Sunday, October 01, 2006

Skinny models ban

This week's issue of Closer magazine had an article entitled 'Stop making models starve!' and included the fact that whereas Madrid has banned too skinny models from it's catwalks, and Milan is considering following suit, London Fashion week organisers have refused.

One the one hand, there's a big brouhaha about whether or not it's fair to naturally really thin models, and designers who feel they should be free to choose who shows their clothes. And on the other, people have praised the decision saying it's about time we stopped making the emaciated look glamorous and aspirational to younger women. One doctor claims he is treating girls as young as seven for eating disorders.

My father was a thin guy.
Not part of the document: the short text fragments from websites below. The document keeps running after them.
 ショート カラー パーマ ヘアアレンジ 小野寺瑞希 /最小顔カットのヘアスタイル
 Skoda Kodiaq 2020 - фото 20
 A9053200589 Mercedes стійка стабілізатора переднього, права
If he was busy on a project and forgot to eat, he'd drop a kilo in a day. No kidding. Although he was by no means emaciated or even 'skinny' he was naturally thin. Therefore I know that despite snide remarks people make (jealousy knows no bounds), some people are not starving themselves, or (god forbid) trying to look like Victoria Beckham, they're just thin. They have no choice in the matter.
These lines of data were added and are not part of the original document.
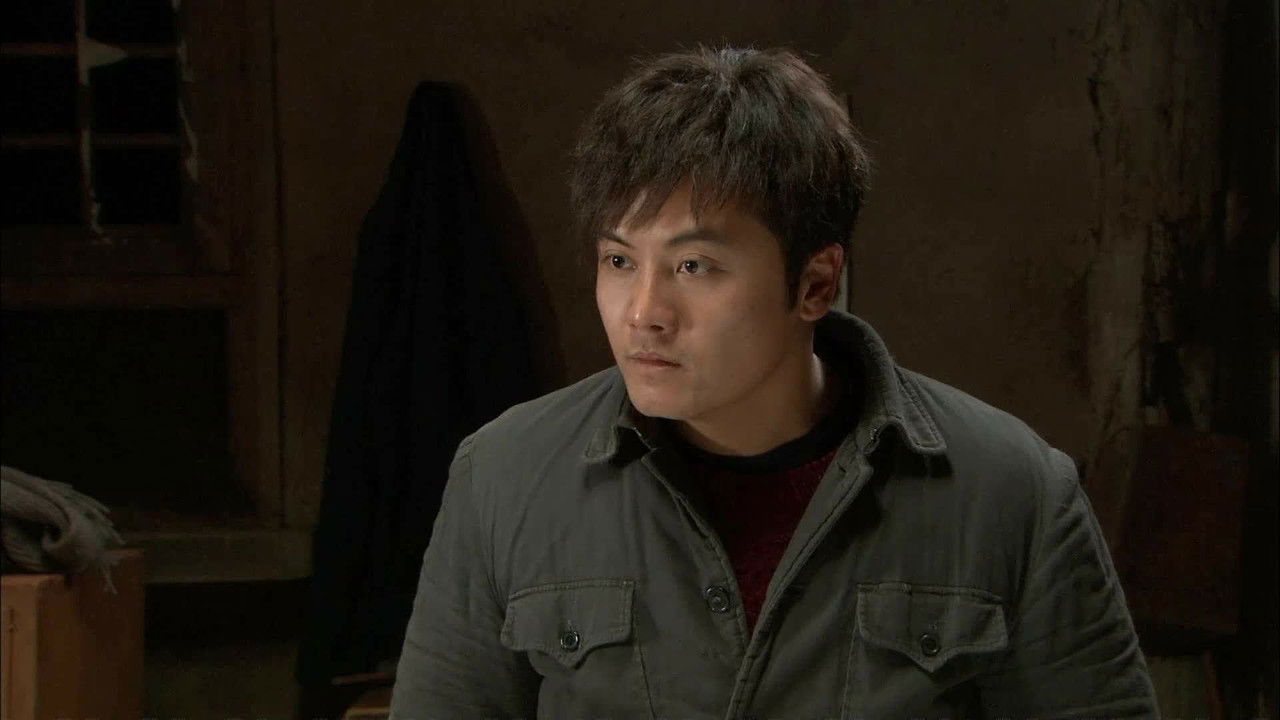 七九河开 — Épisode 3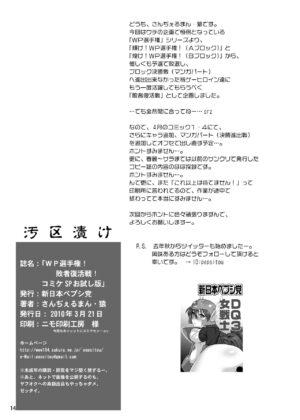 (CSP5) [Shinnihon Pepsitou (St.germain-sal)] WP Senshuken! Haisha Fukkatsusen! Comike SP Otameshiban (Various) (Fanbox)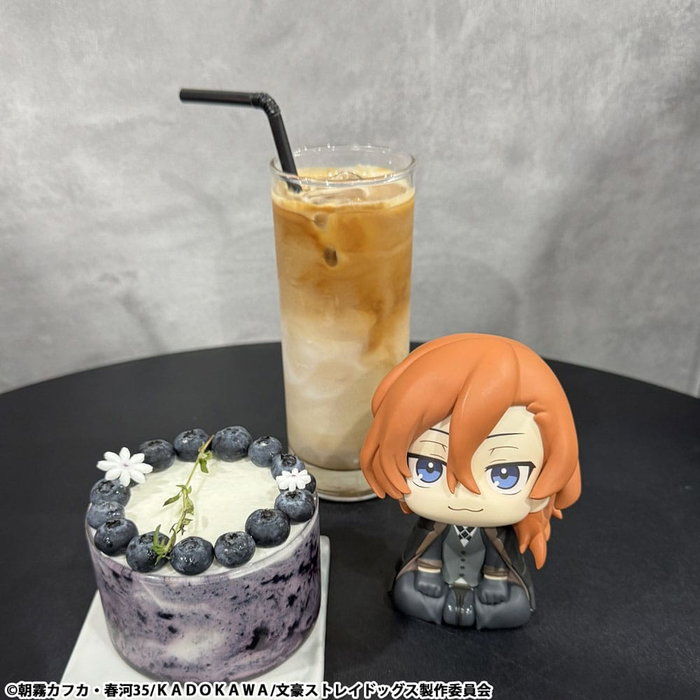 Megahouse Bungo Stray Dogs statuette PVC Look Up Chuya Nakahara 11 cm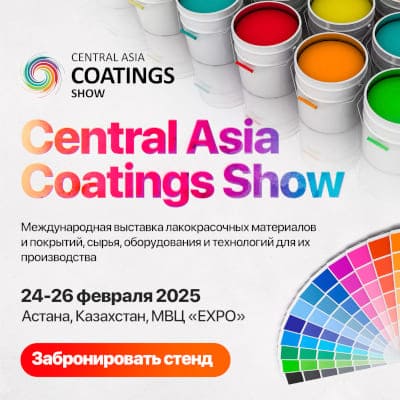 Central Asia Coatings Show 2025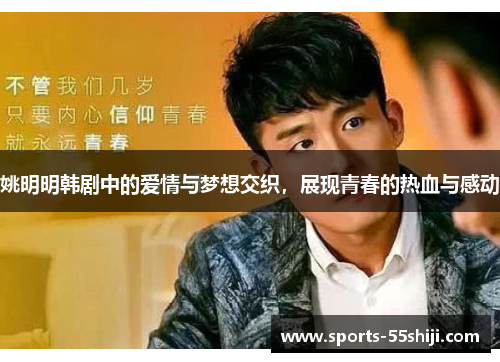 姚明明韩剧中的爱情与梦想交织，展现青春的热血与感动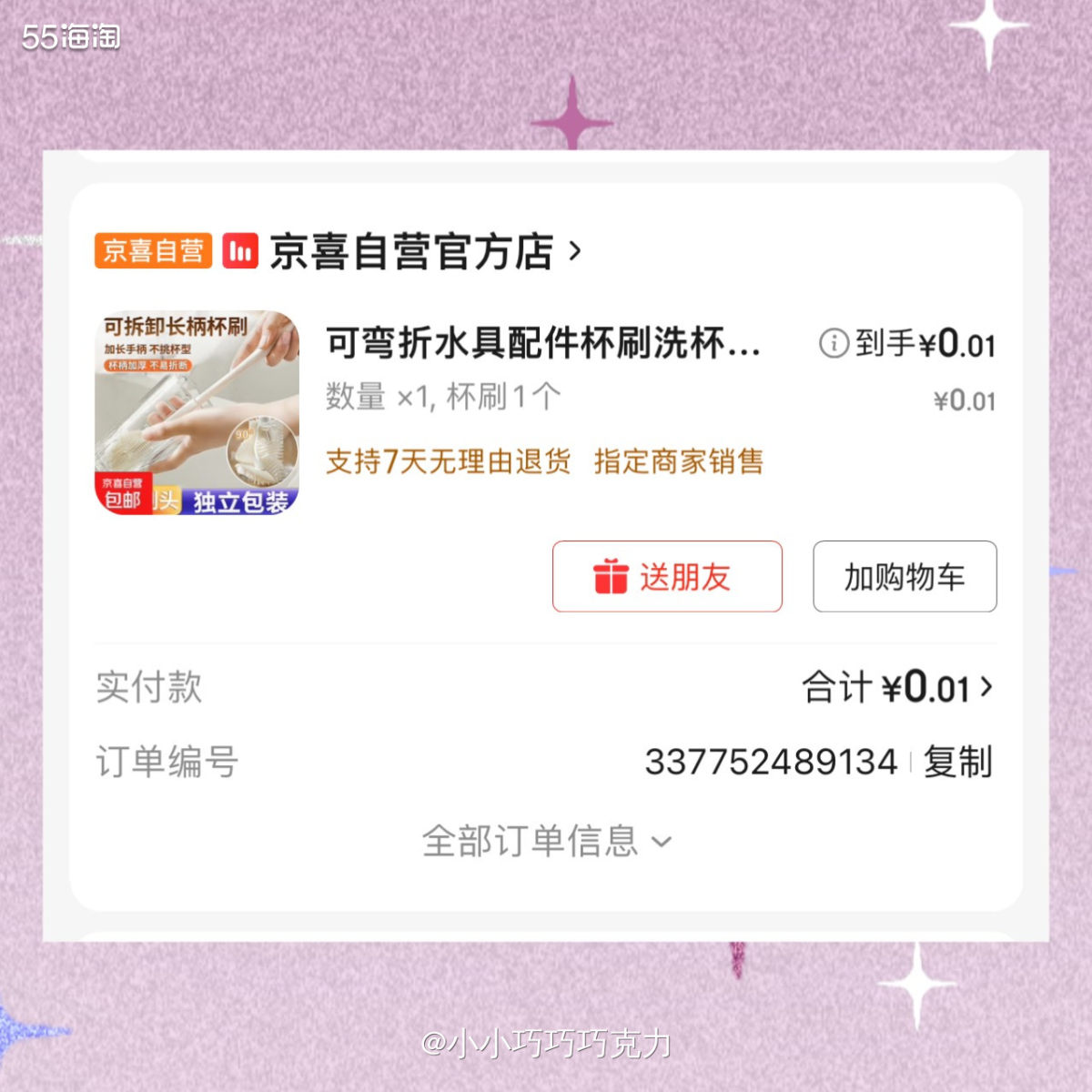 最近休假没怎么薅羊毛了，不过也还是有点收获的呢，抽纸薅了不少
I've never been skinny. I wasn't an overweight kid either - I guess I was just kind of average, and I certainly didn't diet or even think about my weight until I hit puberty and then, for the first time in my life I became aware of the relationship between what I put in my body and the size of my backside. Like a lot of teenagers, this developed into negative body image issues resulting in a cycle of over-eating, followed by guilt and self-loathing, and then overeating again, which I wouldn't wish on my own children, or anyone else for that matter.

So I think the new stuff Dove is putting out is really good. They've shot some lovely print work and the women are all 'real' - complete with curves, and they are sexy and desirable. This is getting people used to seeing bigger (or rather realistically sized) woman in the media, which over time will hopefully form a sort of psychological familiarity with what is 'normal.' They still sneak in the odd ad with the big pants and the kinds of bras my grandmother favours, which I find unfortunate. Being a curvy woman myself, I'm all for portraying curvy women as sexy and or attractive and aspirational, but execution is everything.
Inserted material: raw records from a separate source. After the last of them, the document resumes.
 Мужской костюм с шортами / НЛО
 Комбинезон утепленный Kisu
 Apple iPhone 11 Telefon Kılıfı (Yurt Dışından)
However, what about all those people, like my Dad, who are naturally thin? Let's not become reverse fattist and prejudiced against them. Whether extremely thin women should be on the catwalks, especially in the skinny obsessed climate we are in now, I'd say not. We've clearly got a problem with the message it's sending. I'd also like to advocate shorter women on the catwalks. How about shorter women, who are also curvy, from South Africa but living in London, and design websites? And they should pay these women really really well too.